Entropy means many different things in different contexts, but there is a wonderful notion of entropy which is purely topological. It only requires a space, and a map on it. It is independent of geometry, or any other arbitrary features — it is a purely intrinsic concept. This notion, not surprisingly, is known as *topological entropy*.

There are a few equivalent definitions; we’ll just discuss one, which is not the most general. As we’ll see, it can be described as the rate of information you gain about the space by applying the function, when you have poor eyesight — in the limit where your eyesight becomes perfect.
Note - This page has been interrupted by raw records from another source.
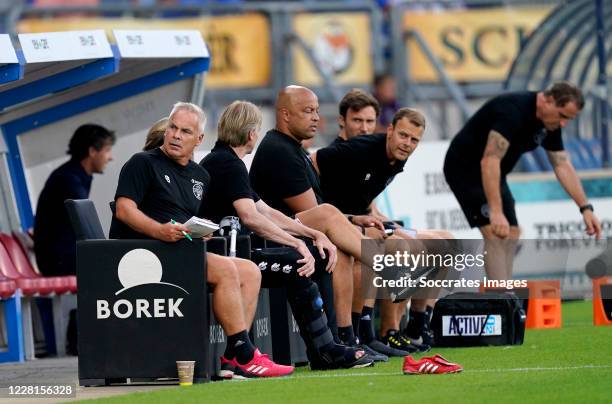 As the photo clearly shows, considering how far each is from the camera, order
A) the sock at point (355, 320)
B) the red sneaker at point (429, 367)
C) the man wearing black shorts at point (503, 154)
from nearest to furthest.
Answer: the red sneaker at point (429, 367) → the sock at point (355, 320) → the man wearing black shorts at point (503, 154)

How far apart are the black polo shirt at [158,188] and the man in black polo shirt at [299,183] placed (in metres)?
1.10

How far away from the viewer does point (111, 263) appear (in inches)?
385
Let \(X\) be a metric space. It could be a surface, it could be a manifold, it could be a Riemannian manifold. Just some space with an idea of distance on it. We’ll write \(d(x,y)\) for the distance between \(x\) and \(y\). So, for instance, \(d(x,x) = 0\); the distance from a point to itself is zero. Additionally, \(d(x,y) = d(y,x)\); the distance from \(x\) to \(y\) is the same as the distance from \(y\) to \(x\); the triangle inequality applies as well. And if \(x \neq y\) then \(d(x,y) > 0\); to get from one point to a different point you have to travel over more than zero distance!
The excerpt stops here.